Confession of the day: I watch Judge Judy. No, it’s not because I revel in seeing poor unfortunate souls succumbing to her rudeness, self-importance, or condescension. It’s because of the fact that out of all the silly court shows on TV, hers is the only one that ever even marginally somewhat half-way almost kinda sorta pretends to loosely approximate a remote facsimile of an actual rules-based forum. For example, I like when she schools people on the hearsay rule. In a real court, hearsay is of course inadmissible, because the speaker isn’t there to be cross-examined. In other words, hearsay is unreliable. Untrustworthy. Dubious. It frustrates the pursuit of truth. And yet, most court shows let the parties spew hearsay ’til the cows come home — especially if it’s salacious enough to keep folks tuned in through the commercial break. But Judge Judy? Oh, no sir. No ma’am. Soon as anybody waves a witness letter in the air or yaps about what a roommate’s second cousin said on three-way video-chat, Sheriff Sheindlin shuts it down.
But hearsay does find an audience in Judge Judy on occasion. Although she doesn’t bore the fans with legalese, I think she most often excuses hearsay on the basis of what we bloodsucking barristers call an “excited utterance.” Some jurisdictions call it “spontaneous utterance,” res gestae, or some other shorthand for Rule 803(2) of the Federal Rules of Evidence (or in my case, the Tennessee Rules of Evidence).
So what’s an excited utterance? Funny you should ask! The Tennessee Supreme Court recently reminded us:
Pursuant to Rule of Evidence 803(2), the hearsay rule does not exclude a statement relating to a startling event or condition made while the declarant was under the stress of excitement…. We have interpreted the rule to set forth three requirements…. The first requirement is a startling event or condition that suspend[s] the normal, reflective thought processes of the declarant…. Second, the statement must “relate to” the startling event or condition … such that the statement may describe all or part of the event or condition, or deal with the effect or impact of that event or condition…. The third and final requirement dictates that the declarant make the statement while under the stress or excitement from the event or condition.
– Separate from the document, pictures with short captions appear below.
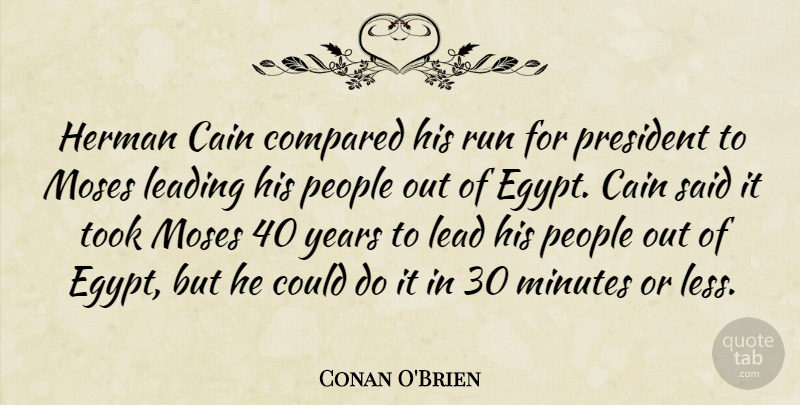 Conan O'Brien Quote About Running, Years, Egypt: Herman Cain Compared His Run...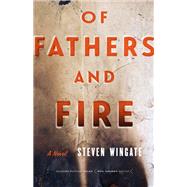 Book cover for Of Fathers and Fire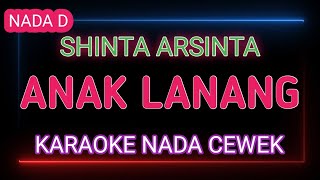 ANAK LANANG  SHINTA ARSINTA  Karaoke Nada Cewek [upl. by Lerraf486]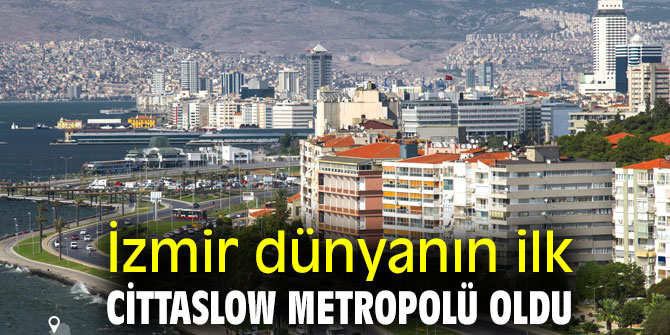 İzmir dünyanın ilk Cittaslow Metropolü oldu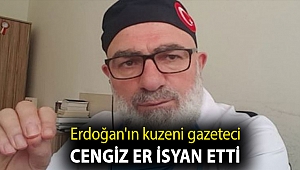 Erdoğan'ın kuzeni gazeteci Cengiz Er isyan etti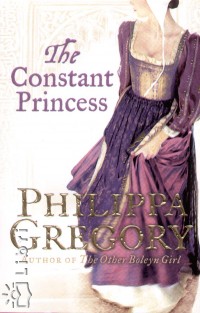 Philippa Gregory - The Constant Princess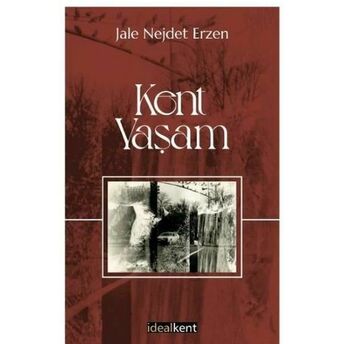 Kent - Yaşam Jale Nejdet Erzen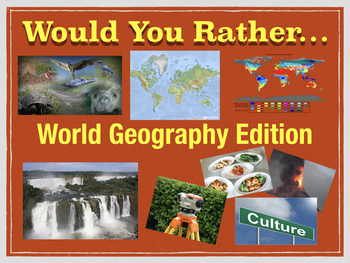 Preview of Would You Rather...World Geography Edition!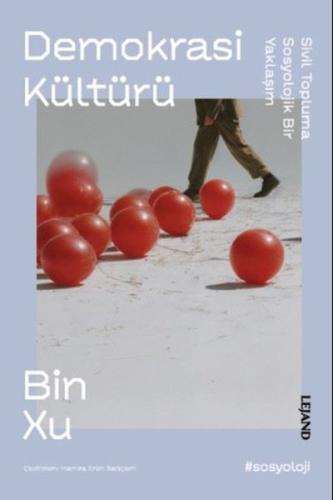 Demokrasi Kültürü - Sivil Topluma Sosyolojik Bir Yaklaşım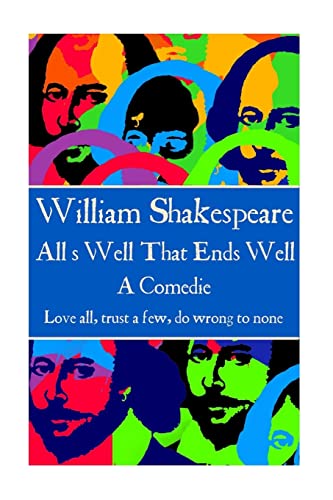 9781785435935: William Shakespeare - All?s Well That Ends Well: “Love all, trust a few, do wrong to none.”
State v. Franklin, 308 S.W.3d 799, 823 (Tenn. 2010) (internal citations omitted). So, hearsay or not, a shriek of “Oh sh*t, he just shot Johnny!” is likely going to make its way into court, even if the original speaker (‘declarant”) skips town. Statements like that are considered reliable enough to pass muster without cross-examination. The theory is that sometimes a situation is so tense and crazy that it “temporarily stills the capacity of reflection and produces utterances free of conscious fabrication.” Franklin at 823. In other words, the speaker is too freaked out to come up with a lie, so he is probably telling the truth.
Typically, when somebody shoots someone, the standard excited utterance is some kind of meaningless exclamation or empty expletive with no informational value (“F*ck!” or thereabouts). But when Deputy Robert Bates fatally shot Eric Harris, the deputy’s excited utterance was something else entirely:
Eric Harris isn’t exactly a choir boy. But there’s no reason in the world for him to be dead right now. And there’s no amount of “sorry” that will ever bring him back. That being said, I’m inclined to believe Robert Bates’ initial excited utterance, in spite of his later, more self-interested, lawyer-laden defenses. Although it doesn’t even begin to put this tragic genie back in the bottle, I do think Bates is sorry. Still gotta pay the piper. But I think he’s actually remorseful. Or at least he was — in that audio-captured moment of bare naked honesty right after the gunshot, he seemed to be truly sorry. And if only a little bit, that matters.